10.Analysis of human bocavirus characteristics in children with acute respiratory infections in Bengbu City, Anhui province, 2024
Xinyue CHEN ; Yingli QU ; Jin CAO ; Wenyan TIAN ; Guangyu XUE ; Yuting HU ; Qin LUO ; Qinqin SONG ; Haijun DU ; Guoyong MEI ; Zhiqiang XIA ; Juan SONG ; Jun HAN ; Guoyu LU
Chinese Journal of Experimental and Clinical Virology 2025;39(2):214-218
Objective:To determine the epidemiological characteristics of human bocavirus (HBoV) in children with acute respiratory infections (ARI) in Bengbu City, Anhui Province, in 2024.Methods:Nasopharyngeal swab samples were collected from 269 children with ARI in Bengbu City, Anhui Province, in 2024. Seventeen respiratory pathogens were screened using quantitative fluorescence PCR. For HBoV-positive samples, the VP1/VP2 structural gene fragments of HBoV were amplified and sequenced for genetic evolutionary analysis.Results:Among the 269 nasopharyngeal swab samples from children with ARI, the overall detection rate of respiratory pathogens was 48.33% (103/269). The top three pathogens with the highest detection rates were: Influenza A virus (FluA): 10.04% (27/269), Respiratory syncytial virus (RSV): 8.18% (22/269), Human bocavirus (HBoV): 7.43% (20/269).
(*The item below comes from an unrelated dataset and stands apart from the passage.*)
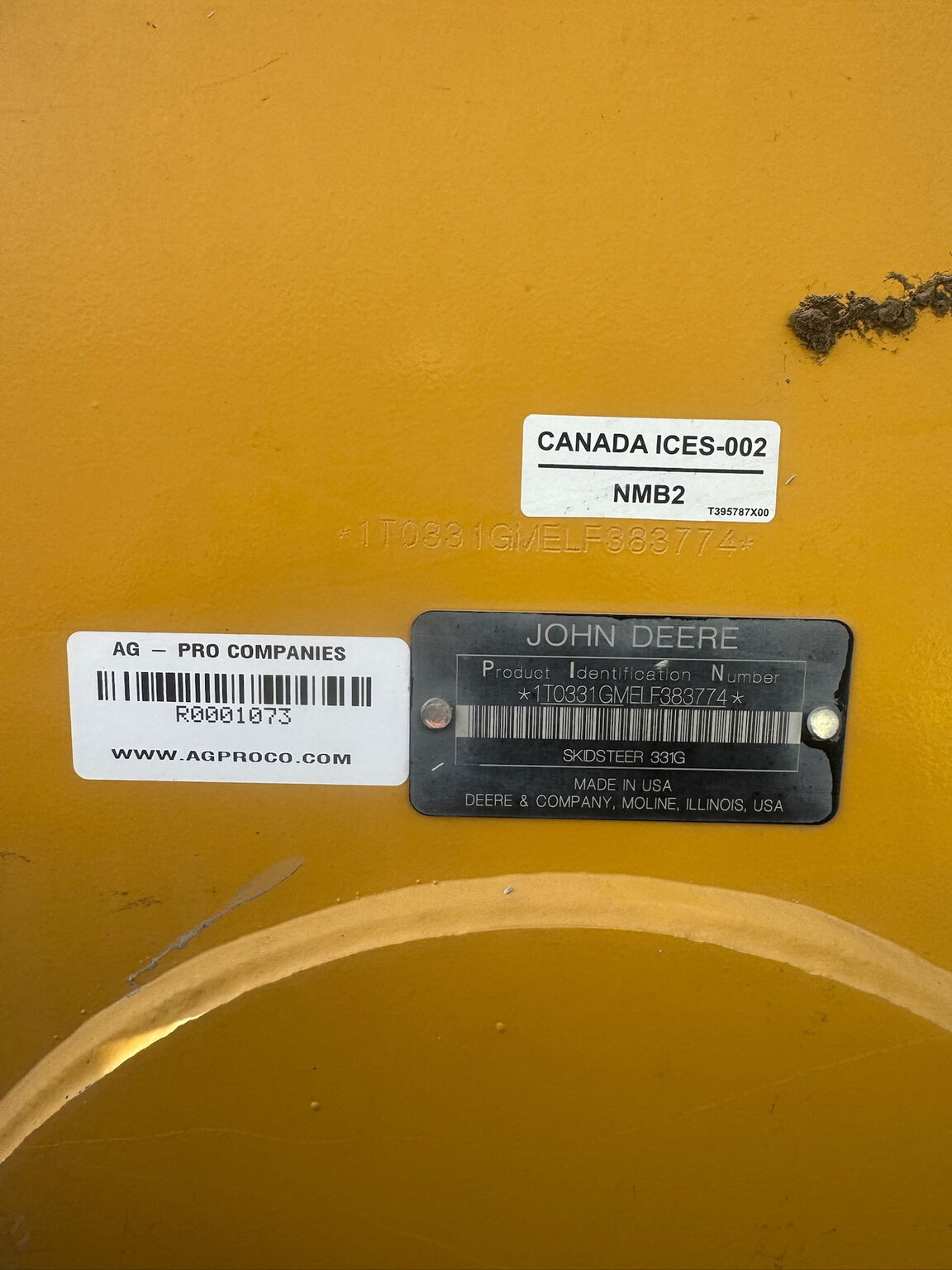 2020 John Deere 331G Image 4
The age distribution of HBoV-infected children showed that the detection rate was highest in the 0-2 years age group (50%, 10/20), followed by the 3-5 years age group (25%, 5/20) and the over 6 years age group (25%, 5/20). However, there was no statistically significant difference in viral detection rates among the age groups. Genetic evolutionary analysis based on VP1/VP2 revealed that all 13 HBoV strains were of the HBoV-1 genotype.Conclusions:HBoV is one of the major pathogens causing ARI in children in Bengbu City, Anhui Province, in 2024, with HBoV-1 being the predominant genotype. Additionally, infants aged 0-2 years are the most susceptible population to HBoV infection.